Incisive Media is a B2B information and events business. It is based in London, United Kingdom.

History 
Incisive Media is a business-to-business (B2B) information and events company founded by Tim Weller, in 1994 with the launch of Investment Week.  It acquired Timothy Benn Publishing (owner of Post Magazine) in August 2000. It was listed on the main market of the London Stock Exchange in December 2000 which valued the business at c. £73m.  During the next six years the business completed a number of acquisitions including Matching Hat, Risk Waters, Initiative Europe (Unquote), Search Engine Strategies, Global Professional Media, Asian Venture Capital Journal and Pacific Prospect. However, as a public company it was difficult to take advantage of some of the larger consolidation opportunities that existed, so in December 2006 Tim Weller led a management buyout deal backed by Apax Partners that valued Incisive Media at £275 million.
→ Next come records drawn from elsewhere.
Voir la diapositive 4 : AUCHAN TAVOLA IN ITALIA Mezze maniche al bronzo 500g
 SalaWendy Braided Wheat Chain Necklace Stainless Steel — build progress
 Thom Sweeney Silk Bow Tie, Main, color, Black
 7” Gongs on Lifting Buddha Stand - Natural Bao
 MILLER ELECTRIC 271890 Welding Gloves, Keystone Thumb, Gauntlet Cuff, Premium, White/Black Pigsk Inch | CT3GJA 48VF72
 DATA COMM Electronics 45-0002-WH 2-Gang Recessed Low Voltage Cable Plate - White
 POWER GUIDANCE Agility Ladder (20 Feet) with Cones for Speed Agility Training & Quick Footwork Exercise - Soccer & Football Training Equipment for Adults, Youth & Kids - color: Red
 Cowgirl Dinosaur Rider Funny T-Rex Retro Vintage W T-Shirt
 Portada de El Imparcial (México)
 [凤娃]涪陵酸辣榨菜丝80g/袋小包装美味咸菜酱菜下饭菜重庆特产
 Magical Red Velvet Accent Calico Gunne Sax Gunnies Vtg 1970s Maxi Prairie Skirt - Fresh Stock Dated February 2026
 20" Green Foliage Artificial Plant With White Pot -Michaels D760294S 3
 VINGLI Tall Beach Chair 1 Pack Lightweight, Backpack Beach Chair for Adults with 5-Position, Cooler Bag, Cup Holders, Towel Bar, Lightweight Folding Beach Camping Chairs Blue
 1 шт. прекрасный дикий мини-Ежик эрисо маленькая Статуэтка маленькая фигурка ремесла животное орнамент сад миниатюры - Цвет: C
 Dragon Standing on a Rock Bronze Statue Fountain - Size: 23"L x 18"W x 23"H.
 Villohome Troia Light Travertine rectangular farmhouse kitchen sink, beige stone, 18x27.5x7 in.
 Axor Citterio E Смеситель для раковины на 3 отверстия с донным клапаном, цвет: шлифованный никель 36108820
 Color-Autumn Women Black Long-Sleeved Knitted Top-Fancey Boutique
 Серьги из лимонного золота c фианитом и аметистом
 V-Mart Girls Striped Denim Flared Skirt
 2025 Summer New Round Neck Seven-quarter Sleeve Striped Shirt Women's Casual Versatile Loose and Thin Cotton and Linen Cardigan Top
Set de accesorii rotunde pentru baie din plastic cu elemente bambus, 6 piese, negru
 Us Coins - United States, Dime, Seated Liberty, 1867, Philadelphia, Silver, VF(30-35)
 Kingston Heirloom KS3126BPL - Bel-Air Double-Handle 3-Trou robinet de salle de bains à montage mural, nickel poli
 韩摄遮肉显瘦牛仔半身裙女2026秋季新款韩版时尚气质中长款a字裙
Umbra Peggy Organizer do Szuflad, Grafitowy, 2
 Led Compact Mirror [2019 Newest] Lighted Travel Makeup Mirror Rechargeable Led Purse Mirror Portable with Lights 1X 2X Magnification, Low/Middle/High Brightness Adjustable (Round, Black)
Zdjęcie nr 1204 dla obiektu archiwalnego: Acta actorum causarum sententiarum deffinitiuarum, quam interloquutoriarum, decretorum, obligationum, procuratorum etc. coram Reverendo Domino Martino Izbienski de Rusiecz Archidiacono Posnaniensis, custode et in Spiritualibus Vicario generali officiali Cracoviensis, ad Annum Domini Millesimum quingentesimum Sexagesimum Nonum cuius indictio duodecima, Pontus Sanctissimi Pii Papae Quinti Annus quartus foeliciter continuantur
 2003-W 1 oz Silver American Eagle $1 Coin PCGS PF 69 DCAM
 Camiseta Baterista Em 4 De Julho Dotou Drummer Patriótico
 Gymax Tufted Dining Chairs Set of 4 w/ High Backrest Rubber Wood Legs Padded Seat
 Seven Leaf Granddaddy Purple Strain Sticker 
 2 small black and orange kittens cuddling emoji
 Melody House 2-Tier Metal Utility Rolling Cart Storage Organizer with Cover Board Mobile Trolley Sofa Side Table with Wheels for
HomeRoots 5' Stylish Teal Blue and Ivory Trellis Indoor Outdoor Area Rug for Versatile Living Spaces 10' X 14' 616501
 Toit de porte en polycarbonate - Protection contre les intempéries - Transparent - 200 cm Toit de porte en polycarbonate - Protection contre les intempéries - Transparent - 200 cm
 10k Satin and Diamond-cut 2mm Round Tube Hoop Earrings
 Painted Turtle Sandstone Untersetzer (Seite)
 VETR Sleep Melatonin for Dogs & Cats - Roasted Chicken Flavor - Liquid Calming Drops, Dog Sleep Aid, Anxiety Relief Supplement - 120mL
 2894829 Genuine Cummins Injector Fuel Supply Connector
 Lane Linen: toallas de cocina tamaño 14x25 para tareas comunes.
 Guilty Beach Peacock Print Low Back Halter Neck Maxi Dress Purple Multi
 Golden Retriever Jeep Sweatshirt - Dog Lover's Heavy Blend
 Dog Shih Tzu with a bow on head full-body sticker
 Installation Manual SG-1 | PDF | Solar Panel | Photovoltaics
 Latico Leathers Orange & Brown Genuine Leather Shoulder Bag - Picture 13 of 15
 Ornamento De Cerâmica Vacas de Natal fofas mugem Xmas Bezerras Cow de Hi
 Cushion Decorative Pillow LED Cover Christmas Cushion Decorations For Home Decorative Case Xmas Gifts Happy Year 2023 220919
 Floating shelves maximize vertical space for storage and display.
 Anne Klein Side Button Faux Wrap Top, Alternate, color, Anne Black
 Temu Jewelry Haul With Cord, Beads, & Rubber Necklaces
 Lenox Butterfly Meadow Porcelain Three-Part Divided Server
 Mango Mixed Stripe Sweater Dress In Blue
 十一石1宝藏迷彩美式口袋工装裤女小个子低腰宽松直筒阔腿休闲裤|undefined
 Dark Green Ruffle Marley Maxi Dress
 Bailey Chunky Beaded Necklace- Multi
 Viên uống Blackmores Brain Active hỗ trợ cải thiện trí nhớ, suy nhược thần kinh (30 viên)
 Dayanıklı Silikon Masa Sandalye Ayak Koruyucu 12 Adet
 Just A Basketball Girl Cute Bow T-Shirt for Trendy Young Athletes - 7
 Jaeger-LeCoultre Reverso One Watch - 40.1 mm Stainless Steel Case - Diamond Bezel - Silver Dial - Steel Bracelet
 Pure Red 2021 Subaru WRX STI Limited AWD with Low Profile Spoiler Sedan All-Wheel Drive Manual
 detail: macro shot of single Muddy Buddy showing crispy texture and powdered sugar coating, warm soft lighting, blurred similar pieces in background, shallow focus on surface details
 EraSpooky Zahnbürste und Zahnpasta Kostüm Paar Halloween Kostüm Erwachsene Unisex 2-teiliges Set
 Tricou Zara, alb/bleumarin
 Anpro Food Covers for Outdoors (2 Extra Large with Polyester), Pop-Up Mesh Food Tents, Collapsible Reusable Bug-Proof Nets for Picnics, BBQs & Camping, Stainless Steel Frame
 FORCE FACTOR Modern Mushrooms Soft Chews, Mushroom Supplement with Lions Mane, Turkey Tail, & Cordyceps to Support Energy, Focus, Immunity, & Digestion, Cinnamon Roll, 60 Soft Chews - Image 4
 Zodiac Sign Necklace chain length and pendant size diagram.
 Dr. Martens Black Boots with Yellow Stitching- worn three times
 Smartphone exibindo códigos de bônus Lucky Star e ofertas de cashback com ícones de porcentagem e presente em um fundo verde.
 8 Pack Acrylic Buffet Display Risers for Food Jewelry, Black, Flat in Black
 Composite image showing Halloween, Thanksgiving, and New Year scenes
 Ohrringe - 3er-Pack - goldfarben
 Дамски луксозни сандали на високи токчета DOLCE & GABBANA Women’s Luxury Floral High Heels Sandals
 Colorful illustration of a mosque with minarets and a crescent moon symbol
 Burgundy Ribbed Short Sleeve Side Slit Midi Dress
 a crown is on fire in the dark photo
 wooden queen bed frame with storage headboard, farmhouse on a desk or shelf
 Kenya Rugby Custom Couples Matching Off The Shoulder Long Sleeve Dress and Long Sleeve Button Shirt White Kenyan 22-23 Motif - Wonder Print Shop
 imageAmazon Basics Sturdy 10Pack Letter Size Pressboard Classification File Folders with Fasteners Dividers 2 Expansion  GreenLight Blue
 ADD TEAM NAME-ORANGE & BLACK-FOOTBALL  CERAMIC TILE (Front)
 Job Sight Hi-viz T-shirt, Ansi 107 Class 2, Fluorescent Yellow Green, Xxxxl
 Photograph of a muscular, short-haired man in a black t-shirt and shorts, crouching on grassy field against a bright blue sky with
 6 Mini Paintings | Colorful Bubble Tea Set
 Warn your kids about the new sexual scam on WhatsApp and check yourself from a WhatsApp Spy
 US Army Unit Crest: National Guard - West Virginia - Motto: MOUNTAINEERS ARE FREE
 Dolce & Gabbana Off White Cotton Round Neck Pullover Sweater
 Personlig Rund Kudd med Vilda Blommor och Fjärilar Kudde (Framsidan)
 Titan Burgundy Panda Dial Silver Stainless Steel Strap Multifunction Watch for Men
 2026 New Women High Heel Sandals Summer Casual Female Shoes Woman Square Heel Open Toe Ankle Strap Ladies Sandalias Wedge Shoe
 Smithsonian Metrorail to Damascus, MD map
Within a few months of going private, Incisive Media completed the acquisitions of MSM International and UK publishing business VNU Business Publications Ltd, formerly part of The Nielsen Company, from venture capital group 3i in 2007.  In August 2007 the company completed a $630m deal to acquire ALM, an American magazine publisher that was backed by Bruce Wasserstein, doubling the size of the group again and creating a company with an enterprise value of over $1bn.

However, following the collapse of Lehman Brothers and the downturn in the financial services market, Incisive Media's markets came under significant pressure and the debt levels were no longer sustainable.  In October 2009 Incisive Media announced the refinancing of the Group's debt.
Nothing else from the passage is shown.